= Beginning of Section =
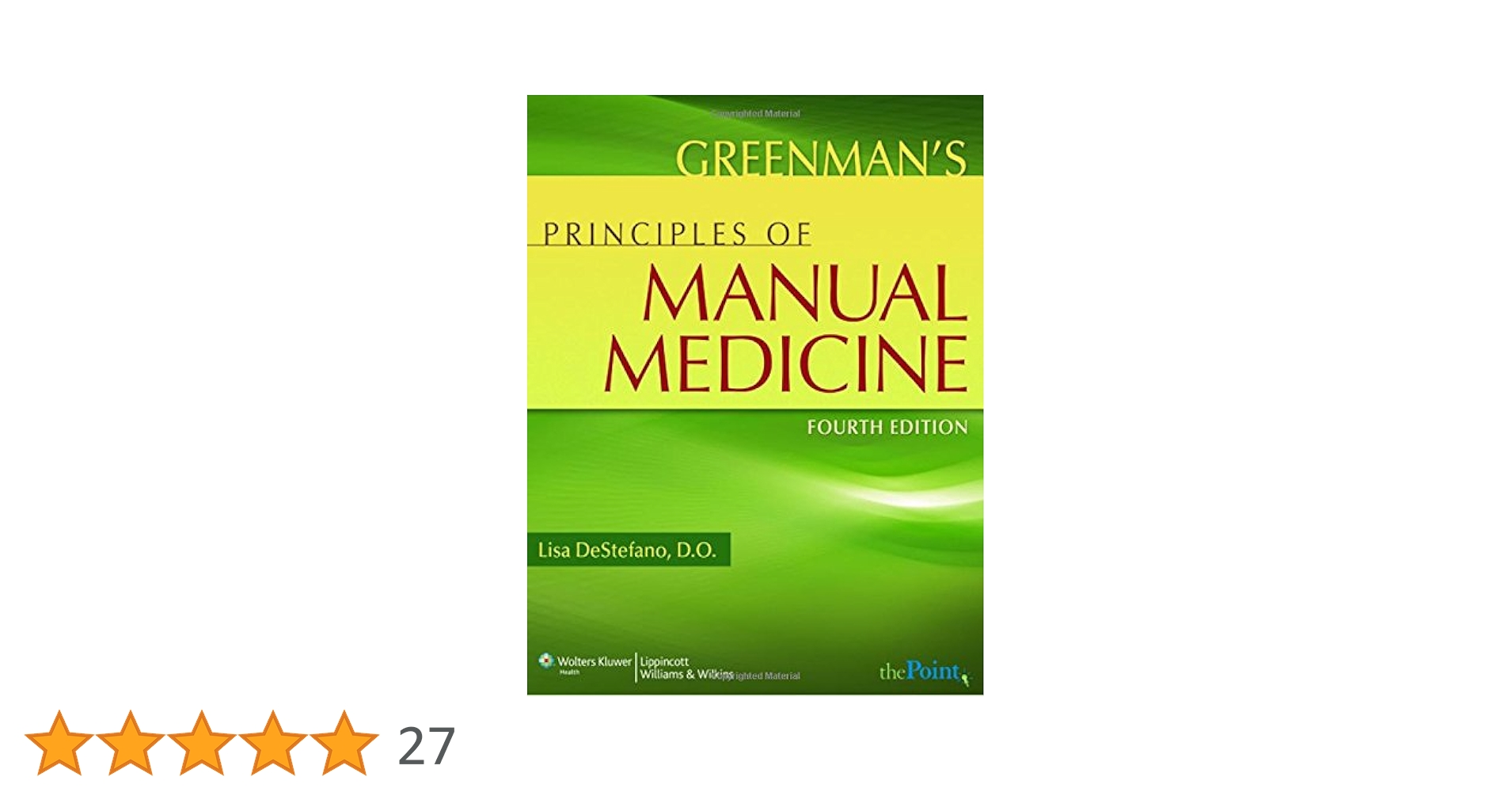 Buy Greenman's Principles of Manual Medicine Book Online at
= End of Section =
= Beginning of Section =
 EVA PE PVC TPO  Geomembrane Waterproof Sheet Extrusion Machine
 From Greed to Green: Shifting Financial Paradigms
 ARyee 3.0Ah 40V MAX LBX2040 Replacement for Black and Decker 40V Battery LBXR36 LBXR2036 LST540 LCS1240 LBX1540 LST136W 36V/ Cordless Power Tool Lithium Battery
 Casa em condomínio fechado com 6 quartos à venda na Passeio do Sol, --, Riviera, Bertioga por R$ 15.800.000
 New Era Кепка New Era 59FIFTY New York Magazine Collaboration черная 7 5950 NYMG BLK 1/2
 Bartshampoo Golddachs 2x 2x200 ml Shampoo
= End of Section =
#### Instructions to follow:
In the listing above, locate the line containing "New Era Кепка" and the line containing "Bartshampoo Golddachs 2x 2x200 ml Shampoo". Extract those two lines and every line between them, exactly as written, and only those.

#### Response area:
 New Era Кепка New Era 59FIFTY New York Magazine Collaboration черная 7 5950 NYMG BLK 1/2
 Bartshampoo Golddachs 2x 2x200 ml Shampoo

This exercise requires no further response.